Kyle Kendrick, caught pitching in the rain. He also likes pina coladas and making love at midnight in the dunes of the cape. Mandatory Credit: Benny Sieu-US PRESSWIRE
Today might have been the day that the Phillies rolled out one of their worst lineups of the year, with Michael Martinez at second base, Ty Wigginton in left and batting fifth, John Mayberry batting third, and Kevin Frandsen batting second. Domonic Brown was batting sixth for some reason, because why the hell not, I guess. All this falderal, plus Kyle Kendrick on the mound.
And yet, the Phillies scored eight runs and shut out the Brewers thanks to eight scoreless innings from Kyle Kendrick.

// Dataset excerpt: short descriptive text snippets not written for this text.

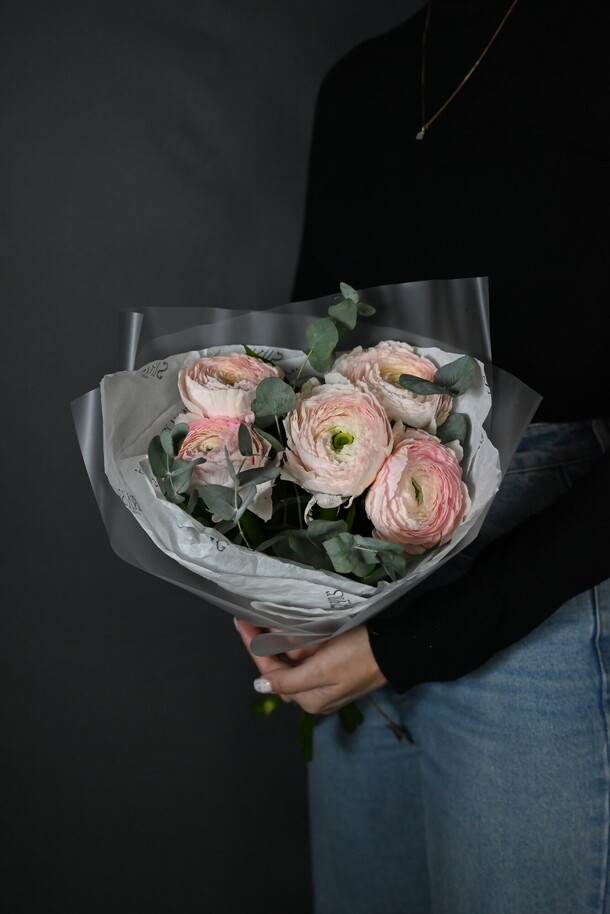 Монобукет из ранункулюсов, артикул F1363579 - 5045 рублей, доставка по городу. Flawery - доставка цветов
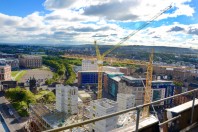 construction_chantier_grue_batiment_AdobeStock_188851267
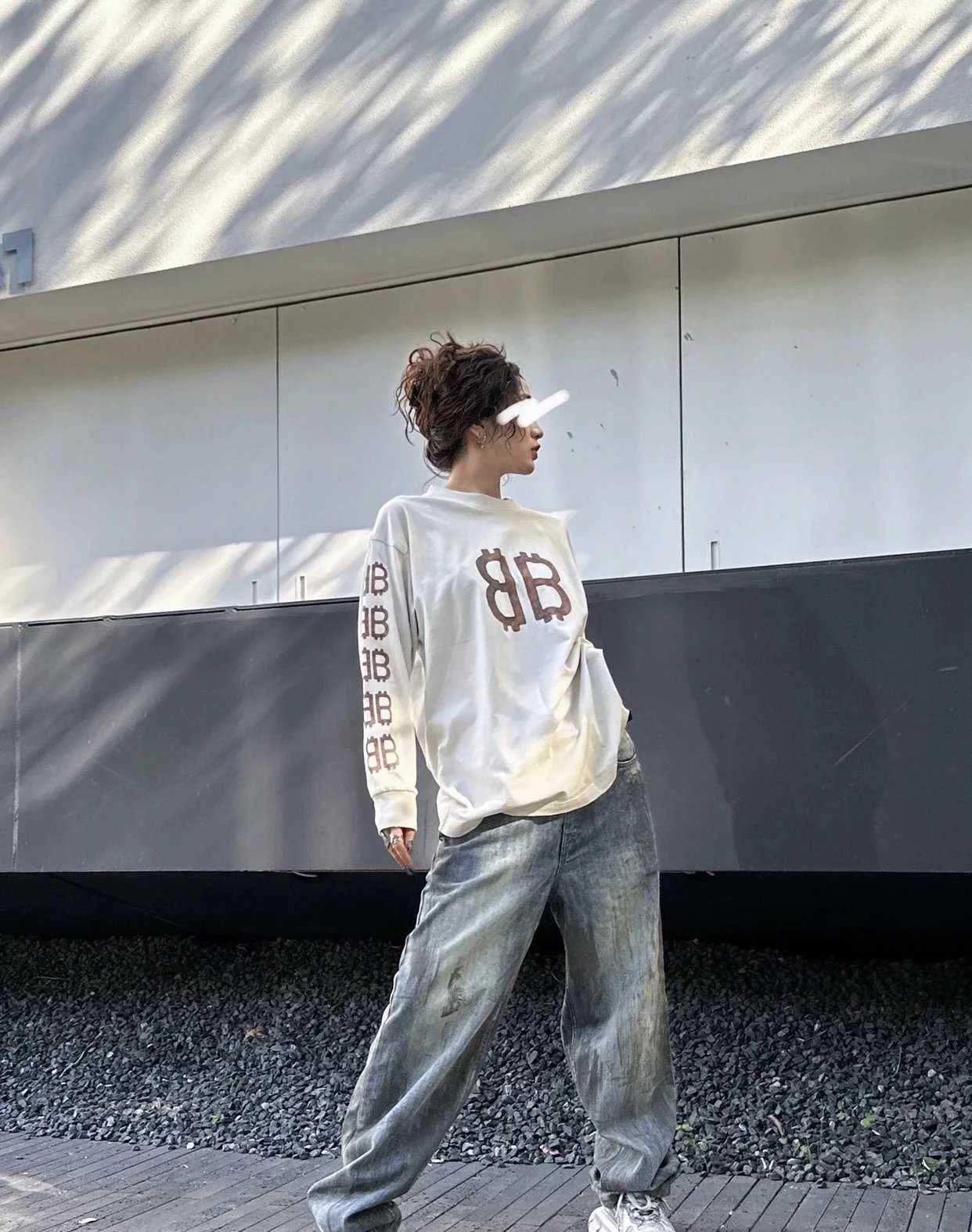 Double B Distressed Style - Limited Stock, High Quality Crewneck Long Sleeve, Printed Heavyweight Fall/Winter Crewneck Sweatshirt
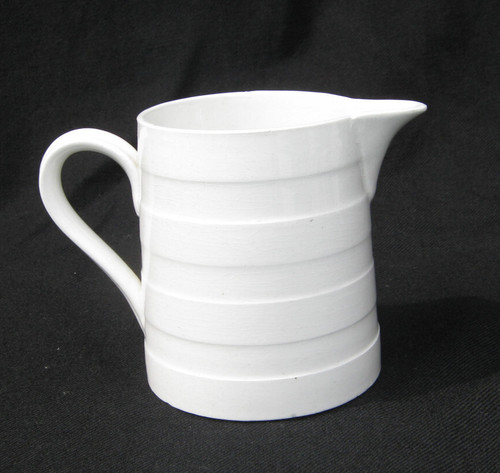 Ancien pot lait - à, à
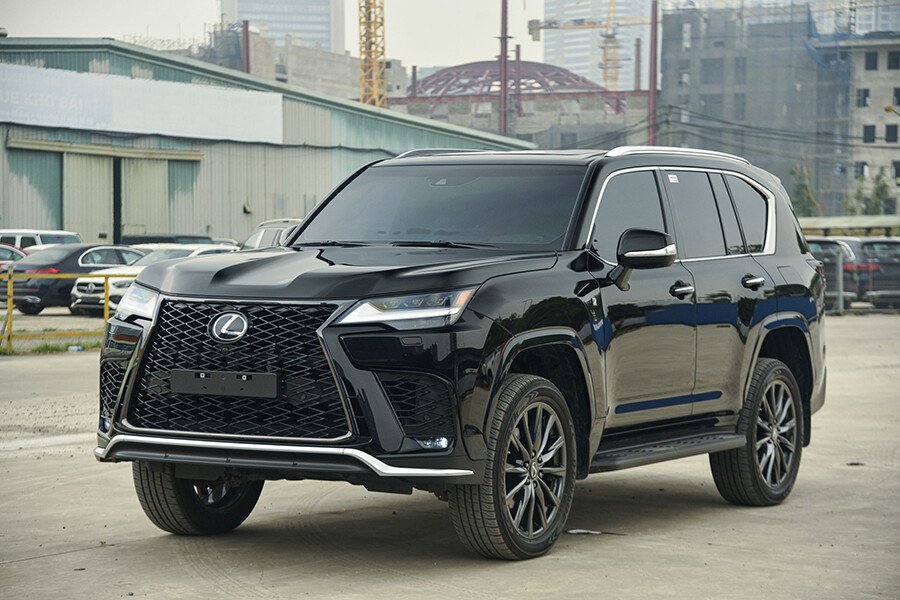 Lexus LX600 F Sport 2025 – 5 chỗ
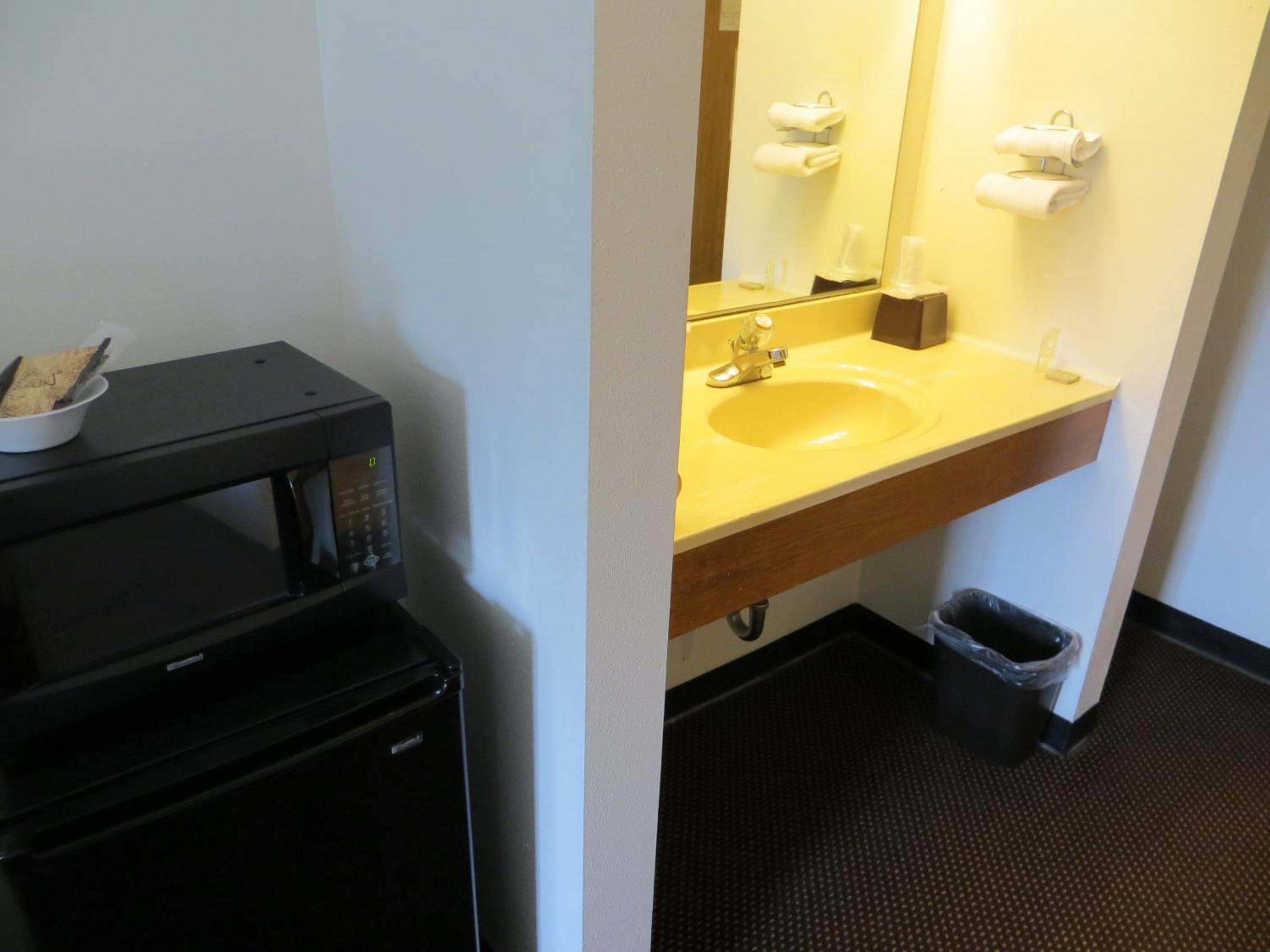 Queen Room - Non-Smoking - Photo 3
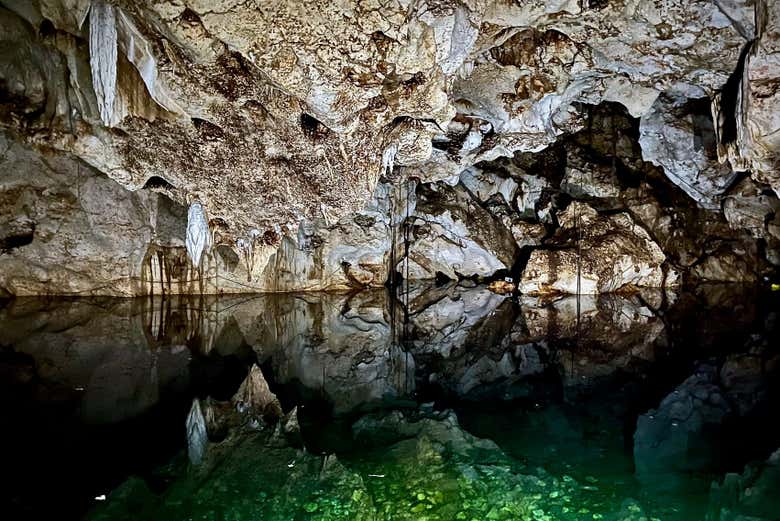 Excursión a las cuevas de Green Grotto + Cascadas Konoko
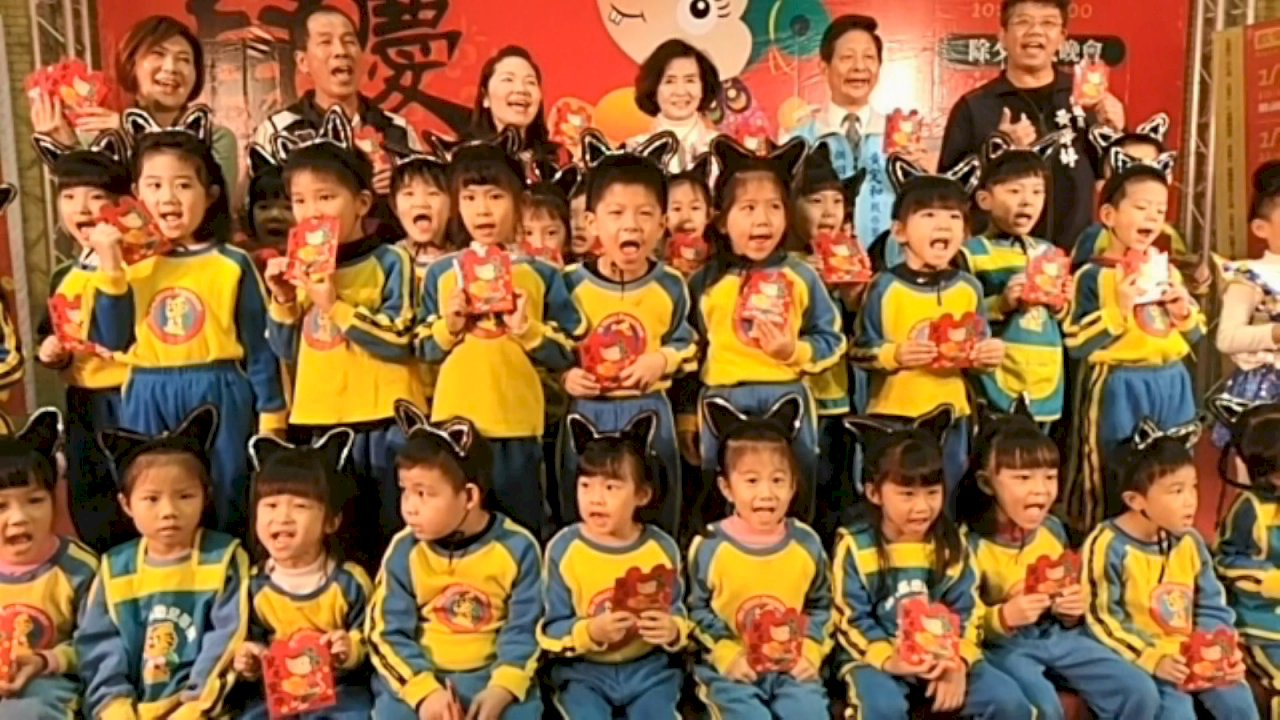 Nghi Lan trình làng phong bao lì xì đỏ, chúc mừng Tết Canh Tý cả năm được mùa may mắn đến mọi nhà
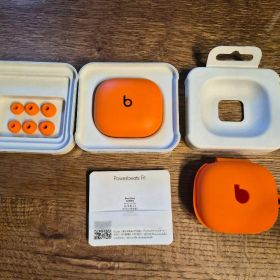 Powerbeats Fit ワイヤレスイヤホン オレンジ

Do me a favor and read that again, because I know what you must be thinking. But I'm not lying.
The truth is, since the beginning of July, Kendrick has had only one regrettable outing. He gave up six runs in 3 1/3 innings on August 8. But in the 19 innings before and the 15 innings since, he's struck out 28 and walked seven. To say that this is unexpected would be an understatement.
Though if you really want unexpected, allow me to point your attention toward the top of the second inning, which is when Michael "Wait, He's Still On The Team?" Martinez hit a two-run home run off of former Phillie Randy Wolf. Michael Martinez. Hit. A home run. Those three things do not usually go together in any combination. And yet today it happened.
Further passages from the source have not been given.